G20 und Syrien: Die deutsche Diplomatie ist zum Vergessen

Um ein Haar hätte Kanzlerin Merkel die Bundesrepublik im Fall Syrien in ein Lager mit Russland und China gebracht. Deutschland, ohne Orientierung, in außenpolitischer Ohnmacht?
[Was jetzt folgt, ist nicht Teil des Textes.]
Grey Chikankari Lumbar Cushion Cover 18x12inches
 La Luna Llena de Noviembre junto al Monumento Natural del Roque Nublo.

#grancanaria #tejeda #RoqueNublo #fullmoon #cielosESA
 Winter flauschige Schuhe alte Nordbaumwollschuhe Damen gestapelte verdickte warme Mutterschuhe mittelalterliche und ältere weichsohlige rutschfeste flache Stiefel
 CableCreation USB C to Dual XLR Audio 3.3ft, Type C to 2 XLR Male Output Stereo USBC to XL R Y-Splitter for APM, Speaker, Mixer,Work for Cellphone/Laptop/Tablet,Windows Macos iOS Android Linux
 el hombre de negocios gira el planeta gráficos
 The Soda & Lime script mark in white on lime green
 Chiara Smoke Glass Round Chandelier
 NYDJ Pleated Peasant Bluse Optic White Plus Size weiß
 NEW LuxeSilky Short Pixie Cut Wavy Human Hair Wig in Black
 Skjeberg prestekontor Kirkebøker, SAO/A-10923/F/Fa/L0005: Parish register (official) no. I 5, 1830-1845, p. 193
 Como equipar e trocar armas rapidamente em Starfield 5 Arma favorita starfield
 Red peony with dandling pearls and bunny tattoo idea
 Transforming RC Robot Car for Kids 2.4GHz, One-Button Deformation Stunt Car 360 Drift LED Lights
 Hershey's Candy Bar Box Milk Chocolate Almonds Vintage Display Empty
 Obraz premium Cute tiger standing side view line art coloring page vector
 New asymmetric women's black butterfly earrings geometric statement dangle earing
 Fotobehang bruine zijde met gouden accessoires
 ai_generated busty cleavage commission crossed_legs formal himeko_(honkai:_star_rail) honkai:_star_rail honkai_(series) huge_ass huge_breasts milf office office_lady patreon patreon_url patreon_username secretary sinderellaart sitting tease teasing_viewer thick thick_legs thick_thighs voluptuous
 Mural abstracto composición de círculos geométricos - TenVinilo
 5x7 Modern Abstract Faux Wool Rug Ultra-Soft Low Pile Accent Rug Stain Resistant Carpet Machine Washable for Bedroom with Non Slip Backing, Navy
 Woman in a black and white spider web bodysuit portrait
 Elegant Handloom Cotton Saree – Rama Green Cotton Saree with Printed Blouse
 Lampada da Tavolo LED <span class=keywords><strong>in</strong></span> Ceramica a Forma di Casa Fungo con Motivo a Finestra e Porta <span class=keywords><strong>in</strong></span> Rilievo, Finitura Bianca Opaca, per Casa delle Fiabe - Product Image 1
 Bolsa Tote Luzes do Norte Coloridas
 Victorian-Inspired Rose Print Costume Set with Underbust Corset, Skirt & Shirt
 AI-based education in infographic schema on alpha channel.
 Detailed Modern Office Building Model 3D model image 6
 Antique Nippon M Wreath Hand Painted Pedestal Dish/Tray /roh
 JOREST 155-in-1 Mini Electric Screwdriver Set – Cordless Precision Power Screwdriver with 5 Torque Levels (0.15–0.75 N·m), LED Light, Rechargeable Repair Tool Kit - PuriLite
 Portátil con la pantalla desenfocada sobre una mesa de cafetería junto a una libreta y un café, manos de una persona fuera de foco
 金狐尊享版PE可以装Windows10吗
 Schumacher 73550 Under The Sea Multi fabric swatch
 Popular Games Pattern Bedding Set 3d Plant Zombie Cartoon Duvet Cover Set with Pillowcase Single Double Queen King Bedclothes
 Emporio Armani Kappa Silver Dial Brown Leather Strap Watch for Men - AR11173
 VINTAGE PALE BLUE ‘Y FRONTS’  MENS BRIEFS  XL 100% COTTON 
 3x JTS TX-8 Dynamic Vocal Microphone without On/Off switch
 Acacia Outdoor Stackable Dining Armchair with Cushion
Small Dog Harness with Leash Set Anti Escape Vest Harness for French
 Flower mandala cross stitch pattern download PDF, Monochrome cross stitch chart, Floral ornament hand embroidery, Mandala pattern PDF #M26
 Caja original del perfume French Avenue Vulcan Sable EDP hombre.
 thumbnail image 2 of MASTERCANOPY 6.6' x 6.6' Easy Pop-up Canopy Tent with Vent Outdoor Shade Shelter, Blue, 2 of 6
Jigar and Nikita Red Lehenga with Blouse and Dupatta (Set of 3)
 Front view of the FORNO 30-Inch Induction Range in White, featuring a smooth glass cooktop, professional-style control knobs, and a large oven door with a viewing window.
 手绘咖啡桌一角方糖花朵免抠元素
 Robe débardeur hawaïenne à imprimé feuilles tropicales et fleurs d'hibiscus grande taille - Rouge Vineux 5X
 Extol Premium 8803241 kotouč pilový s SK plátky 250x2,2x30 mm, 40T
Es bleibt ein Desaster, diese neue Fehleinschätzung der Bundesregierung, wie ihre Gefolgsleute es auch drehen und wenden und rhetorisch verschwurbeln. Denn es ist ja passiert: Als einziger europäischer G-20-Staat unterzeichnet Deutschland zunächst eine gemeinsame Erklärung nicht, in der eine entschlossene internationale Reaktion auf den Einsatz von Chemiewaffen in Syrien gefordert wird. Eine entschlossene Reaktion, wohlgemerkt, kein Militärschlag. Das Papier, am Rande des Gipfels von St. Petersburg verabschiedet, trug elf Unterschriften, nur die von Angela Merkel nicht. Sie hatte eine „Vorfestlegung“ vermeiden wollen. Was wieder nach Enthaltung klingt, nach einem Sich-raushalten, einem Sich-nicht-entscheiden-können, wenn es darauf ankommt. Das Ergebnis: Die Bundeskanzlerin, allein unter den Großen in Europa. Da kommt die Unterschrift doch noch. Stunden später. Verkündet von Guido Westerwelle. Die Kanzlerin, korrigiert.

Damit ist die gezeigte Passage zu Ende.